Modern agriculture is becoming very dependent on technology. From advanced machinery to specially selected crops. All the technology produces a lot of data that can be used for better adjustment of the farming process. One use case of machine learning in agriculture could be the selection of the best crop for a specific field to maximize the potential yield. Such problems are often called Classification Problems in machine learning. With MindsDB you can easily make automated machine learning predictions straight from your existing database. Even without advanced ML engineering skills, you can start leveraging predictive models that help you make better business decisions.

In this tutorial, you will learn how to predict the best crop type based on field parameters using MindsDB and MariaDB.

Pre-requisites

Before you start make sure you have:

  1. Access to MindsDB. Check out the installation guide for Docker or PyPi. You can also use MindsDB Cloud.
  2. Access to a database. In this example we will use MariaDB. You can install it locally or through Docker.
  3. Downloaded the dataset. You can get it from Kaggle.
  4. Access to mysql-client. You can probably get it from your system’s package manager. For Debian/Ubuntu check here.
  5. Optional: Access to ngrok. You can check the installation details at the ngrok website.

Setup the database

In this section, you will create a MariaDB database and a table into which you will then load the dataset.

First, connect to your MariaDB instance. You can use the CLI based mysql or any manager like DBeaver.

If you have MariaDB running locally, you can use the following line to connect.

Remember to change the username if you have a different one set up in MariaDB.

mysql -u root -p -h 127.0.0.1

After connecting you can create a database for the project. You can skip this step if you already have a database you want to use.

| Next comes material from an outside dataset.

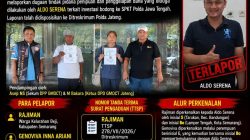 Dua Warga Korban Aldo Serena Resmi Lapor Dugaan Penipuan Investasi Bodong ke Polda Jateng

CREATE DATABASE agriculture;
You can check that the database was created with the following query.

SHOW DATABASES;
The output will be similar to the one below.

+--------------------+
| Database           |
+--------------------+
| agriculture        |
| information_schema |
| mysql              |
| performance_schema |
| sys                |
+--------------------+
5 rows in set (0.01 sec)
Next, you need to create a table for the dataset. To do so, first switch to the database you want to use.

USE agriculture;

Now you can create the table with the following schema.

CREATE TABLE crops (
    N INT,
    P INT,
    K INT,
    temperature INT,
    humidity DECIMAL(10, 2),
    ph DECIMAL(10, 2),
    rainfall DECIMAL(10, 2),
    label VARCHAR(50)
);

You can check if the table was created with the SHOW TABLES; query. You should see a similar output.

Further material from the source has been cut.